- INSTRUCTIONS TO FOLLOW -
For each line in the data below that holds "sale", return a copy.

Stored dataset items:
----

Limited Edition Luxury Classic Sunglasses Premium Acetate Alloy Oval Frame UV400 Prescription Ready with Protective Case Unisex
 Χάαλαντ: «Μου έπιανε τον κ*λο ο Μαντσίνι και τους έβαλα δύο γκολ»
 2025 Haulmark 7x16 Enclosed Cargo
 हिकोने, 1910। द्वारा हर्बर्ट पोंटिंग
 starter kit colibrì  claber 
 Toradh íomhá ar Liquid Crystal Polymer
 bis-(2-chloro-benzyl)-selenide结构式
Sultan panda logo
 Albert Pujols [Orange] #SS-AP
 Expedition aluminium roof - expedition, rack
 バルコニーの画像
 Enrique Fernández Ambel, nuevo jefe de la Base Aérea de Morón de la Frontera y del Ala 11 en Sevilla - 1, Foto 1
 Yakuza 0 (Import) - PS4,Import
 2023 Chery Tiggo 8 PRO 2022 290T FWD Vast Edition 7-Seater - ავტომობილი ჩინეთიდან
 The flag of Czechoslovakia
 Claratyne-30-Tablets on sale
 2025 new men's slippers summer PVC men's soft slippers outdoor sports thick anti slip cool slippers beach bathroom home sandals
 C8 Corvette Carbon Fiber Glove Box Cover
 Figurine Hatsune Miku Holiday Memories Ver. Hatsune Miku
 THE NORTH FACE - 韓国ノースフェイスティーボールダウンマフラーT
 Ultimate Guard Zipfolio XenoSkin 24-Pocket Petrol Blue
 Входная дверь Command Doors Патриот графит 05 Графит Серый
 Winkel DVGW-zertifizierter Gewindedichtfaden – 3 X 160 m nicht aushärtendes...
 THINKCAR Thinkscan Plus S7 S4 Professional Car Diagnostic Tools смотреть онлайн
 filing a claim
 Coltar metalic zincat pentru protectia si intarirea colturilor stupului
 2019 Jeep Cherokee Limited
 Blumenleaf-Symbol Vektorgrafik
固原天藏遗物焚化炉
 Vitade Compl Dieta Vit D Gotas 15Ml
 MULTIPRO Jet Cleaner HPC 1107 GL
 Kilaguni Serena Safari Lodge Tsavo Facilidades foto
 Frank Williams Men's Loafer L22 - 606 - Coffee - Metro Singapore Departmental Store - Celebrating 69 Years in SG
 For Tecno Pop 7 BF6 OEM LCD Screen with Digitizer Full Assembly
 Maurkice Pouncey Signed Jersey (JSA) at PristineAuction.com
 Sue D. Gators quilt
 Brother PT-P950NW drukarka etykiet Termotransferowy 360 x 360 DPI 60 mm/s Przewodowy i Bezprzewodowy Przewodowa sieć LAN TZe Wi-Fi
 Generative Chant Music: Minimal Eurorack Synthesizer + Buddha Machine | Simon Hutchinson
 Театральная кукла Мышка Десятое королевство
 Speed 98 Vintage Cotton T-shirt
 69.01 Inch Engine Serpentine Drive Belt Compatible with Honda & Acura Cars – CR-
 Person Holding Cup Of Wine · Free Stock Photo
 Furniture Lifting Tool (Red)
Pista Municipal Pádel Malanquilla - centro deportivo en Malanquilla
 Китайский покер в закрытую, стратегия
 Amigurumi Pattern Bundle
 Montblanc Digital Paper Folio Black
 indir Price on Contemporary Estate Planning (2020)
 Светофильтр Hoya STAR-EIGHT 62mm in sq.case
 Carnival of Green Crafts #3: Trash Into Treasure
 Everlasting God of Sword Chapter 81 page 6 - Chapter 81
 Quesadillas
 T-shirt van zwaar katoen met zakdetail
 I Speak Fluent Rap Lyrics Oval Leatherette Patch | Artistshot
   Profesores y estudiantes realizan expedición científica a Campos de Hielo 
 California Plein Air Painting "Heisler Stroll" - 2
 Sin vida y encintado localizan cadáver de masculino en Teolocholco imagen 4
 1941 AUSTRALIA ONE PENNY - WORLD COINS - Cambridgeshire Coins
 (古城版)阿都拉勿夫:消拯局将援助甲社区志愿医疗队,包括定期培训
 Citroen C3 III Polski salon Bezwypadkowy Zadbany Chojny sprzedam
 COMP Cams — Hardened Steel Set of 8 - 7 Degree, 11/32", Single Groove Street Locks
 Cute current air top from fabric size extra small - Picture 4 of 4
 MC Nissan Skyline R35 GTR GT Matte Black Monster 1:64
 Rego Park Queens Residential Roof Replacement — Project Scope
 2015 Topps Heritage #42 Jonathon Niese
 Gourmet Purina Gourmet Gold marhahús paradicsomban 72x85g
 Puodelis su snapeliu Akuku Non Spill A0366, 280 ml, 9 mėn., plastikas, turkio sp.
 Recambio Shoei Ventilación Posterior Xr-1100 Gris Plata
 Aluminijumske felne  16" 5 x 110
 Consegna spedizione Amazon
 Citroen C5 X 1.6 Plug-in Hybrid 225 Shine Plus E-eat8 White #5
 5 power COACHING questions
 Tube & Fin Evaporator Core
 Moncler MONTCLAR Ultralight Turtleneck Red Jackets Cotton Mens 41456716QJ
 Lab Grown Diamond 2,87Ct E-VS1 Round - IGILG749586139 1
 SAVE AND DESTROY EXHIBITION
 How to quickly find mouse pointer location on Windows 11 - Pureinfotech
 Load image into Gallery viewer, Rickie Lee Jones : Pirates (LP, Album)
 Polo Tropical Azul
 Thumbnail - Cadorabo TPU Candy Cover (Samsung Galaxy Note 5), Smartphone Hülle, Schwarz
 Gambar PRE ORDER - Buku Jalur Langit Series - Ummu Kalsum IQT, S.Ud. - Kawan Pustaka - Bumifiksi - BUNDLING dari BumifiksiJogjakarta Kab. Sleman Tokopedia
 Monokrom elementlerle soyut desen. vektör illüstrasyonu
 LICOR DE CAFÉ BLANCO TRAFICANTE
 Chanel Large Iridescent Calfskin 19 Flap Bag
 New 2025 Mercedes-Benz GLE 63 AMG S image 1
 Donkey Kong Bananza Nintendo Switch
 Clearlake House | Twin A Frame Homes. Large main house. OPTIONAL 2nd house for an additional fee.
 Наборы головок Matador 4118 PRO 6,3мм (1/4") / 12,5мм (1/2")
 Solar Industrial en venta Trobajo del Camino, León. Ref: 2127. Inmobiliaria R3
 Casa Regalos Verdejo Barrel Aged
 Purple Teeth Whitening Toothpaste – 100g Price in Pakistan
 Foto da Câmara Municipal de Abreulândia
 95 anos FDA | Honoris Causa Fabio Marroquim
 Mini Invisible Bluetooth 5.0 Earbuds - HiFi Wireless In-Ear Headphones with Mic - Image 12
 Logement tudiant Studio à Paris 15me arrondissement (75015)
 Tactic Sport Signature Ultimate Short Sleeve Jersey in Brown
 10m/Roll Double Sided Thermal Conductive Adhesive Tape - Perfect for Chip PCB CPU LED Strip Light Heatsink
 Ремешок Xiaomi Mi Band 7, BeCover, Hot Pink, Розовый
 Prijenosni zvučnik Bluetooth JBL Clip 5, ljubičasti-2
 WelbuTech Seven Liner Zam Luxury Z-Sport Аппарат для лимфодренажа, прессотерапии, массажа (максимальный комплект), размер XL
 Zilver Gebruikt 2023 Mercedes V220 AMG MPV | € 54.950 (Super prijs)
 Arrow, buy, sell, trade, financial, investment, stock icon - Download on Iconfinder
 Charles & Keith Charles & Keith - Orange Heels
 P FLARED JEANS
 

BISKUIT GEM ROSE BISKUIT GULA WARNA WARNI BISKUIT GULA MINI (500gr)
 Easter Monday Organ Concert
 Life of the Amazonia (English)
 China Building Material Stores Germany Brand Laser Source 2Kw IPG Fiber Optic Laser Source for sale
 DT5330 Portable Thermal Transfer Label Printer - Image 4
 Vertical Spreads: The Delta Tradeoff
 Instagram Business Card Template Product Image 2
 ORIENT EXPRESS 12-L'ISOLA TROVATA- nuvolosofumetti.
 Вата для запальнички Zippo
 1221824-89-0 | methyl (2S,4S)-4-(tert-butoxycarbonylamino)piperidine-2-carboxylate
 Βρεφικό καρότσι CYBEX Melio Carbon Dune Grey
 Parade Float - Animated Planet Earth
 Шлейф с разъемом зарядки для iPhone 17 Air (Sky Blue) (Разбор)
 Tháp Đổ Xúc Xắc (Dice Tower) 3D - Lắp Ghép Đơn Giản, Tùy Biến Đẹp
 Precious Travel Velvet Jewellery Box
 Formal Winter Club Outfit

----

- RESPONSE TO THE TASK -
 Claratyne-30-Tablets on sale
 China Building Material Stores Germany Brand Laser Source 2Kw IPG Fiber Optic Laser Source for sale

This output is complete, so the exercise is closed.